Deelstaat tegen ingebruikname Kalkar
De bouw van Kalkar is ongeveer gereed en wacht op de laatste (deel-)vergunningen van de deelstaat. De minister-president van Noordrijn-Westfalen Rau, heeft op 4 juni al gezegd dat hij er alles aan zal doen om er voor te zorgen dat de kweekreactor in Kalkar niet in bedrijf komt. Een maand later op 11 juli, besluit ook een meerderheid van het deelstaatparlement Kalkar niet in bedrijf te nemen. Formeel heeft de deelstaat daar niets over te zeggen; dat besluit kan alleen in Bonn genomen worden, maar het moet wel de vergunningen afgeven. Op 21 juli zegt de deelstaat dan ook formeel dat ze de laatste vergunningen niet zal afgeven: er zijn fouten gemaakt bij de bouw, verscheidene veiligheidssystemen deugen niet en er is twijfel over de beheersbaarheid van het proces.
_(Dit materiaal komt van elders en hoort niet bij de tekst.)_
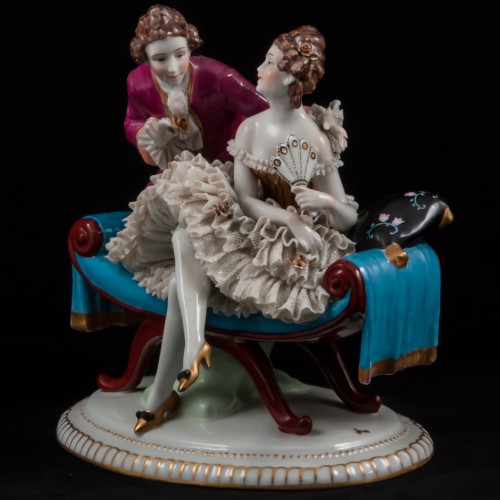 Пара на диване, E. A. Muller, Германия, до 1927 г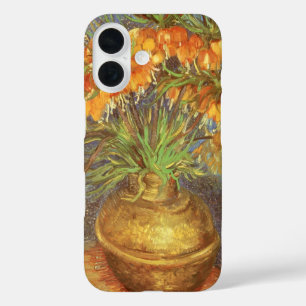 ヴィンセント・ヴァン・ゴッホ - 銅の花瓶のフリテラリー iPhone 16ケース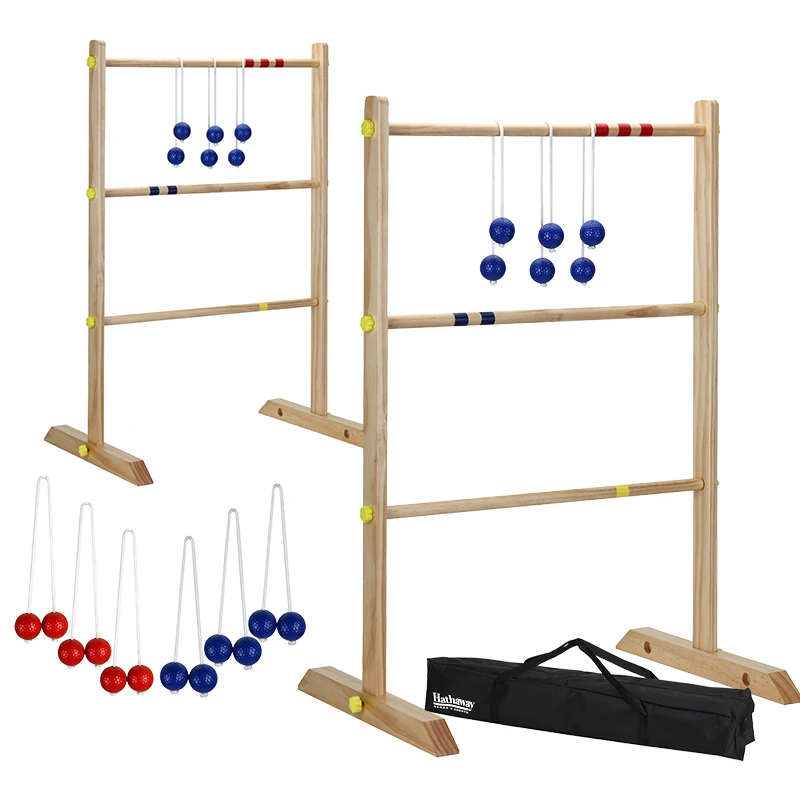 Outdoor  wholesale wooden  Ladder Golf Ball Toss Game  Family Backyard yard lawn Games for Teens Adults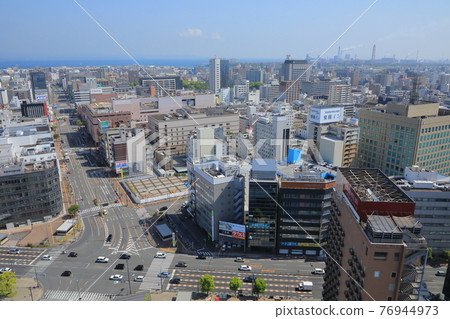 Oita City (Oita Station North Exit, Prefectural Office, City Hall) 76944973
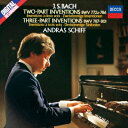 Bach, Johann Sebastian バッハ / インヴェンションとシンフォニア、4つのデュエット、半音階的幻想曲とフーガ アンドラーシュ・シフ(ピアノ...
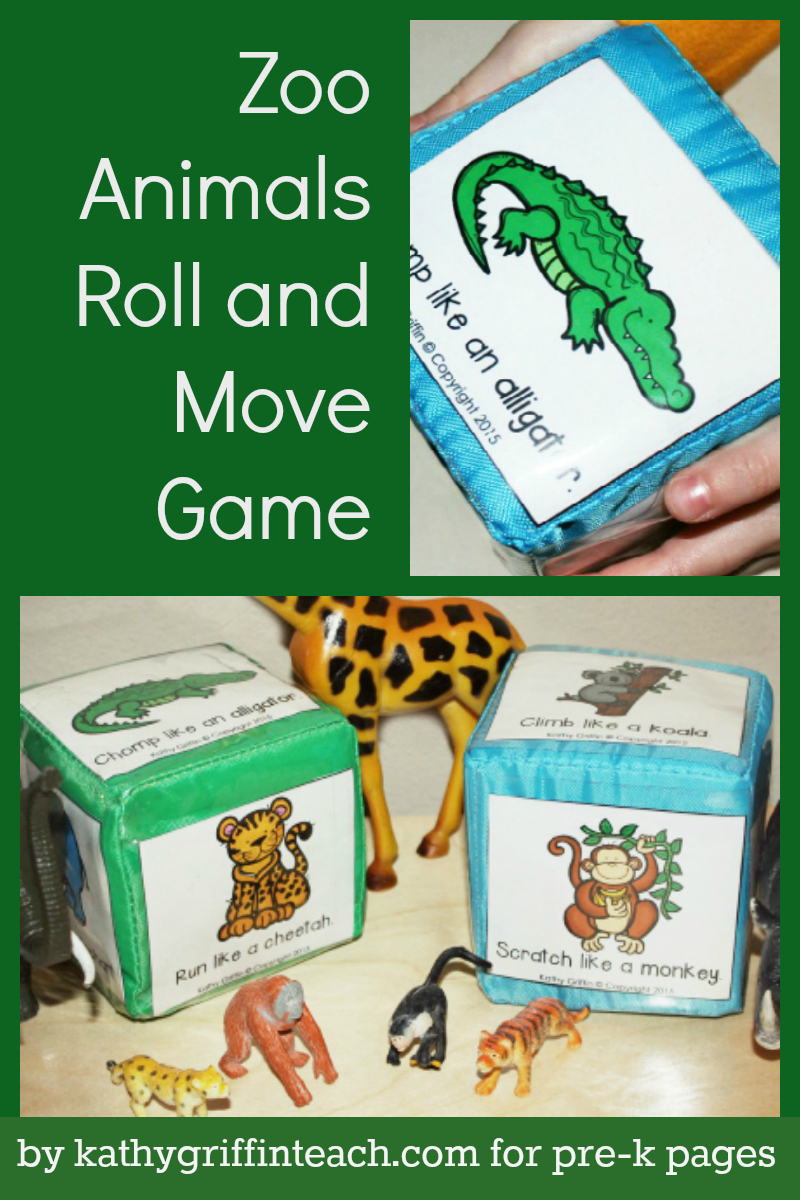 Zoo Animals Roll And Move Game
De federale regering probeert de deelstaat te dwingen om toch de vergunning af te geven.
Nederland niet in Europees kweekreactorontwikkeling
Toetreding van Nederland tot het Europese kweekreactor samenwerkingsverband EFR is “thans niet opportuun“ schrijft minister De Korte (EZ). De industrie zit er niet op te wachten en de energievoorziening heeft het niet nodig. Het is een volgende nagel in de doodskist van het EFR-project dat in 1993 een stille dood zal sterven. Nederland maakte tot nu toe slechts deel uit van het consortium door de deelname van de SEP in Kalkar en daardoor in het Franse kweekreactorprogramma.